=== Your objective ===
All of the data below must be reproduced word for word, but without its images.

++++ Record extracts ++++

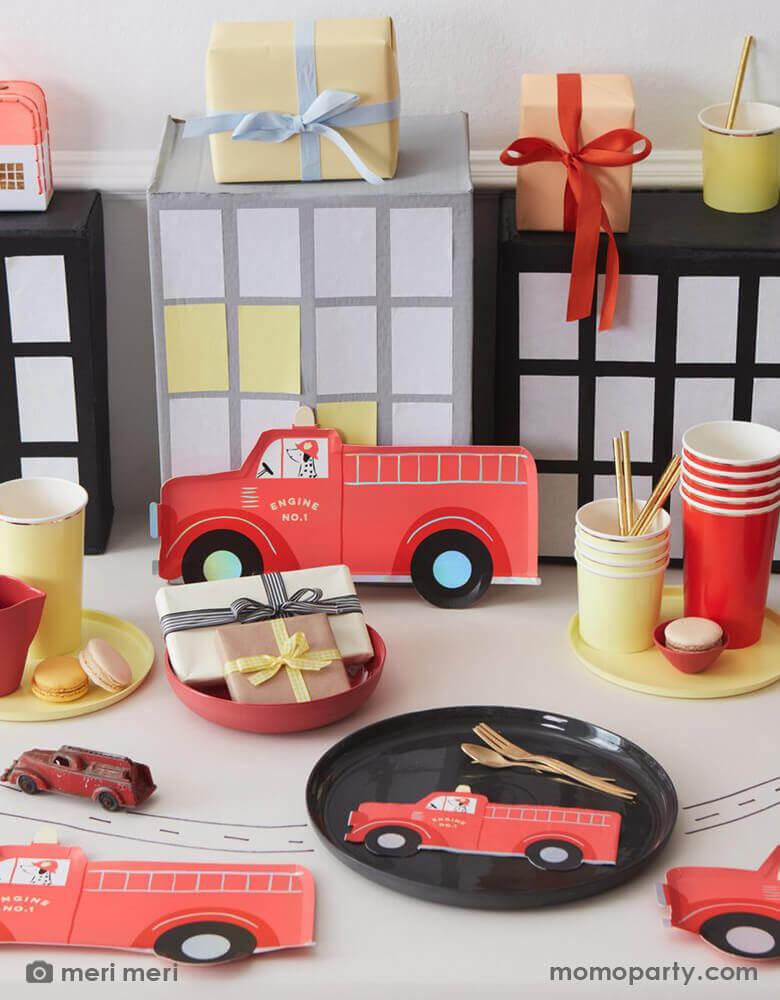 An adorable fire truck fire fighter themed party table with Meri Meri's fire truck themed party plates and napkins, along with pale yellow and red solid color plates and tumblers. On the table there was a vintage firetruck toy riding on the table drawn with roads and some gift boxes wrapped with simple bows in modern colors of red and pale yellow, in the back there were cardboard made city buildings mimic the city scene. This is a perfect inspiration for kid's fire truck / firefighter themed birthday party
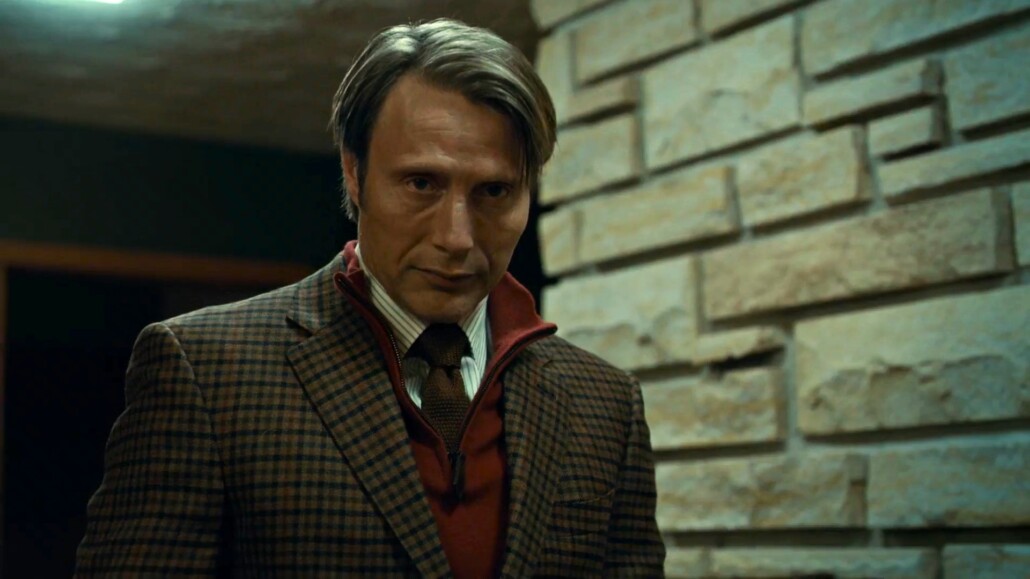 Mads Mikkelsen as Hannibal Lecter wearing a deep red zip neck sweater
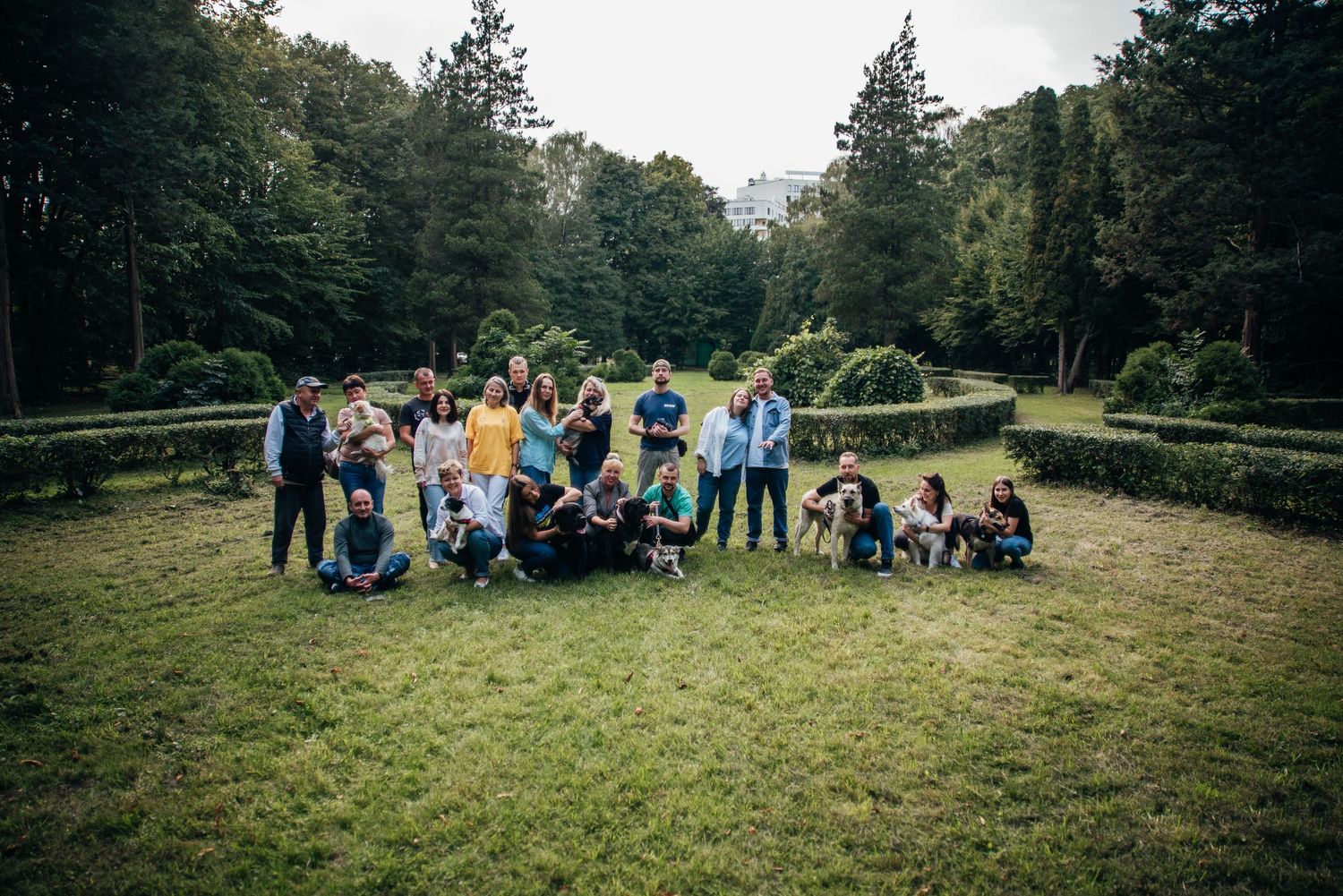 Large group of people posing together on a green lawn surrounded by lush trees and manicured hedges outdoors.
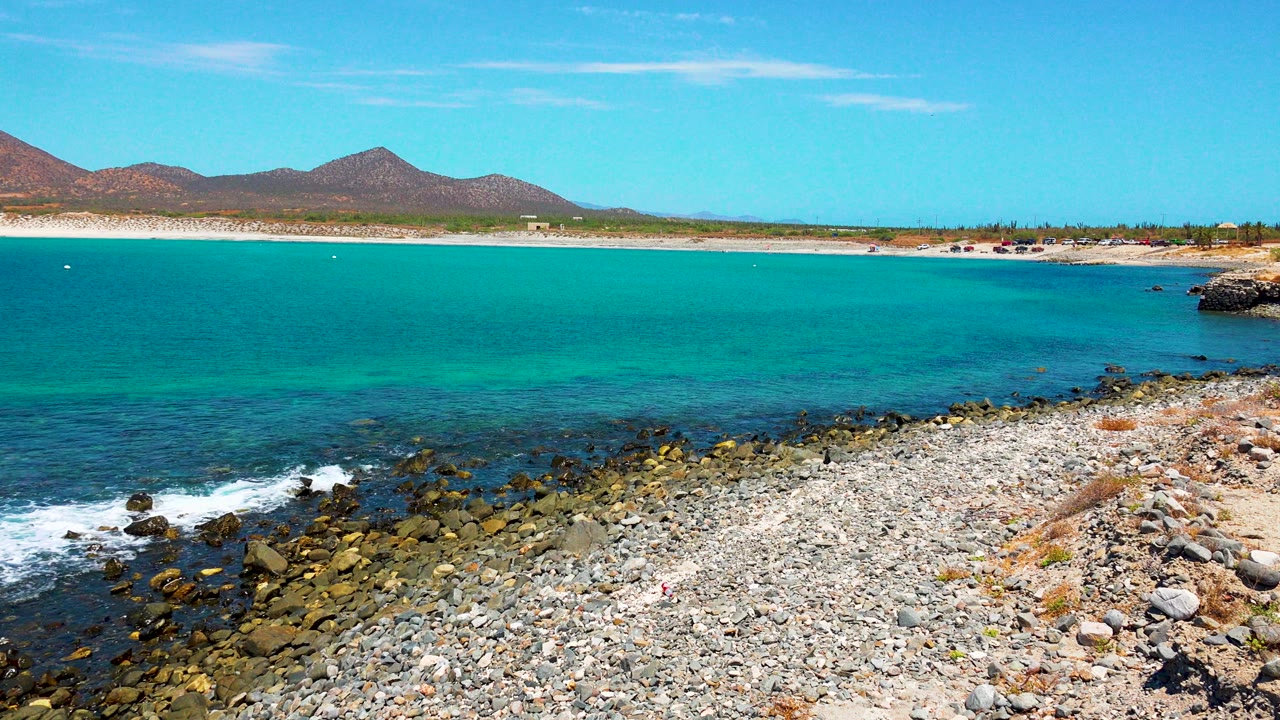 At 0:01 in El Sargento La Ventana, Mexico, a small patch of white foam pushes toward dark shoreline rocks below turquoise water, with beach and mountains in the distance and no visible people.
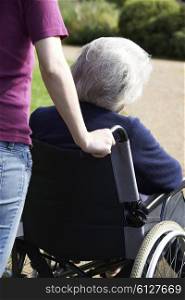 Daughter Pushing Senior Mother In Wheelchair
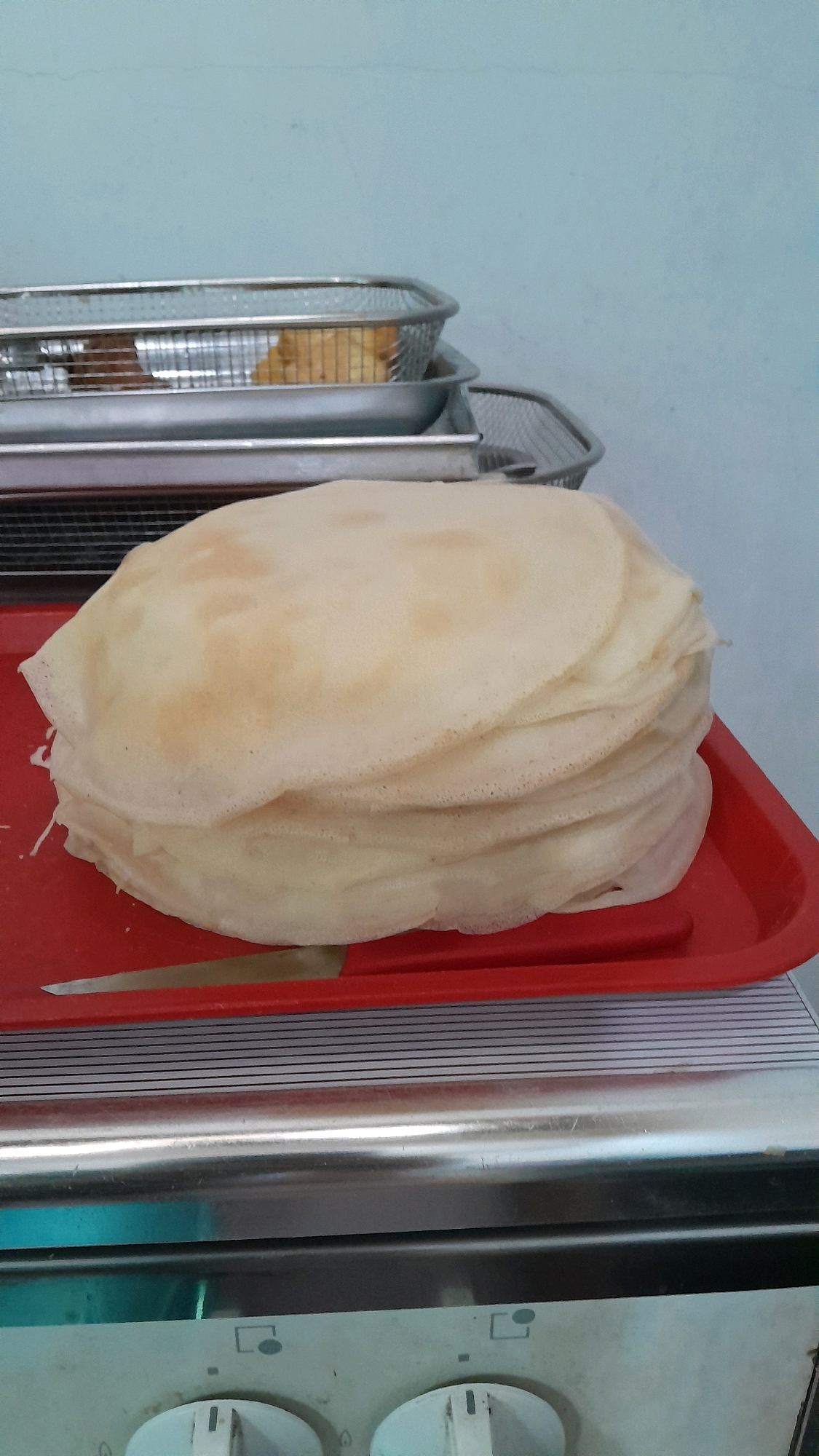 A stack of golden-brown crepes rests on a bright red plastic tray. The crepes, varying slightly in color and texture, are piled high, creating a circular shape. A thin, silver knife is placed horizontally across the front of the tray, partially obscured by the stack of crepes. In the background, two metal wire baskets are stacked, one on top of the other, containing what appears to be fried food, possibly fries. The baskets are positioned on a stainless steel surface, likely a kitchen counter. Behind the baskets, a light blue wall serves as the backdrop. The scene appears to be set in a kitchen environment, possibly in a commercial establishment or a home kitchen. The lighting is moderate, casting soft shadows. There are no people visible in the image. The image composition focuses on the crepes as the primary subject.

++++

=== Output for this task ===
 An adorable fire truck fire fighter themed party table with Meri Meri's fire truck themed party plates and napkins, along with pale yellow and red solid color plates and tumblers. On the table there was a vintage firetruck toy riding on the table drawn with roads and some gift boxes wrapped with simple bows in modern colors of red and pale yellow, in the back there were cardboard made city buildings mimic the city scene. This is a perfect inspiration for kid's fire truck / firefighter themed birthday party
 Mads Mikkelsen as Hannibal Lecter wearing a deep red zip neck sweater
 Large group of people posing together on a green lawn surrounded by lush trees and manicured hedges outdoors.
 At 0:01 in El Sargento La Ventana, Mexico, a small patch of white foam pushes toward dark shoreline rocks below turquoise water, with beach and mountains in the distance and no visible people.
 Daughter Pushing Senior Mother In Wheelchair
 A stack of golden-brown crepes rests on a bright red plastic tray. The crepes, varying slightly in color and texture, are piled high, creating a circular shape. A thin, silver knife is placed horizontally across the front of the tray, partially obscured by the stack of crepes. In the background, two metal wire baskets are stacked, one on top of the other, containing what appears to be fried food, possibly fries. The baskets are positioned on a stainless steel surface, likely a kitchen counter. Behind the baskets, a light blue wall serves as the backdrop. The scene appears to be set in a kitchen environment, possibly in a commercial establishment or a home kitchen. The lighting is moderate, casting soft shadows. There are no people visible in the image. The image composition focuses on the crepes as the primary subject.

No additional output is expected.